- What the task requires -
Go to the line containing "thumbnail of vidaXL" below; retype it and all following lines exactly, and leave out the pictures.

━━━━━━━━━━━━━━━━

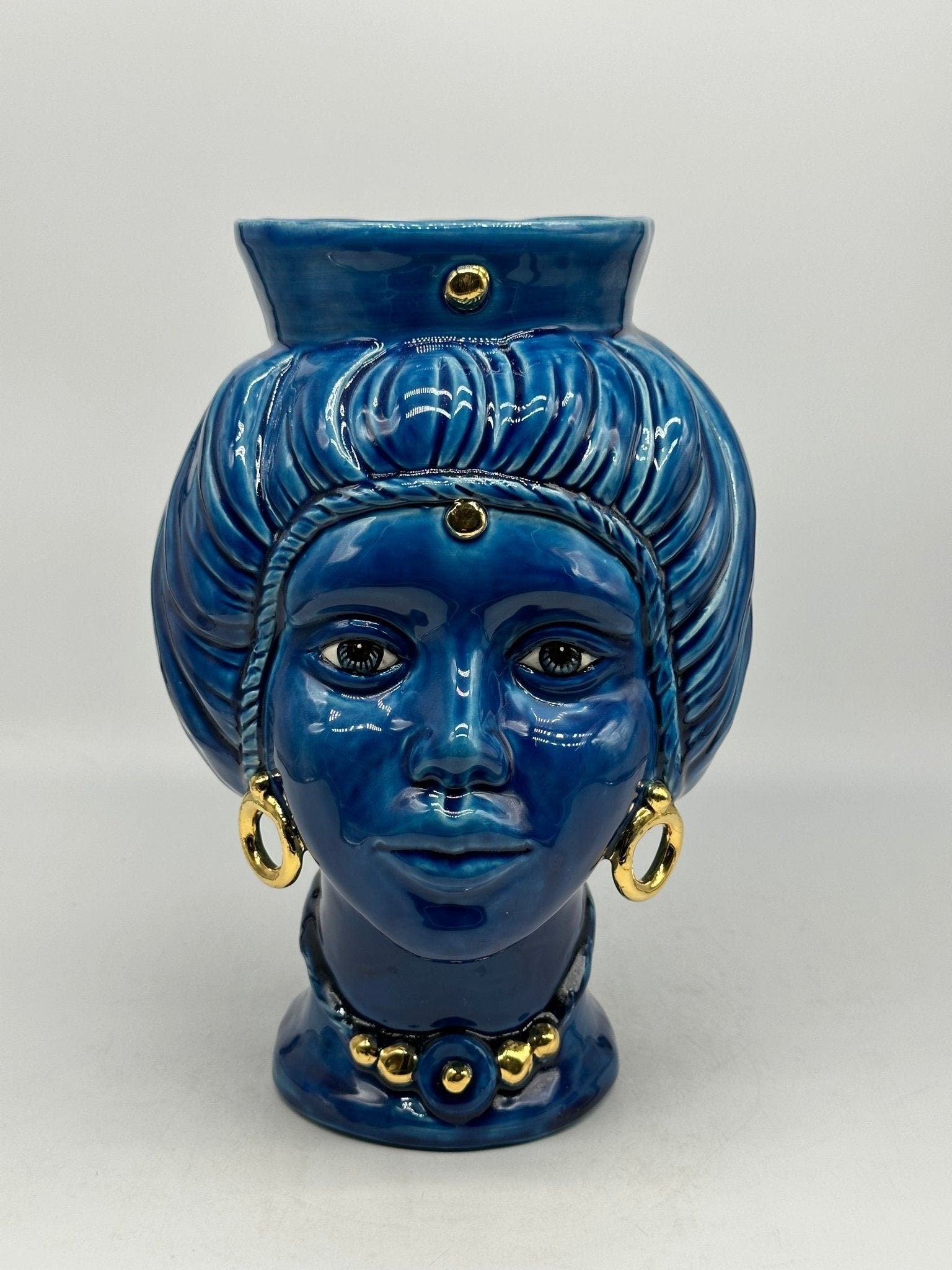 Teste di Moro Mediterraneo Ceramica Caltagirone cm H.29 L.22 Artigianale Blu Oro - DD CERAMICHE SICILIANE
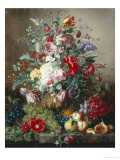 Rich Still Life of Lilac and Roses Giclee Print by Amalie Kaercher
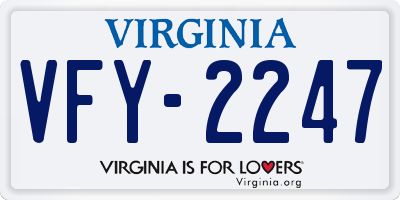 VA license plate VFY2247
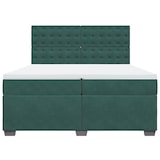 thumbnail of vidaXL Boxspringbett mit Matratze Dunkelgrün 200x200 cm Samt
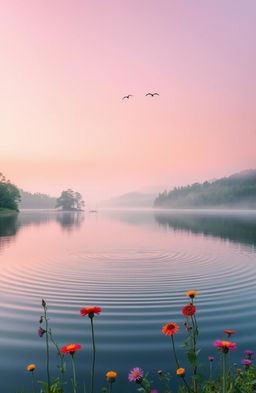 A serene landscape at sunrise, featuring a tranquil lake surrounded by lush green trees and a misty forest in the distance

━━━━━━━━━━━━━━━━

- Worked solution -
 thumbnail of vidaXL Boxspringbett mit Matratze Dunkelgrün 200x200 cm Samt
 A serene landscape at sunrise, featuring a tranquil lake surrounded by lush green trees and a misty forest in the distance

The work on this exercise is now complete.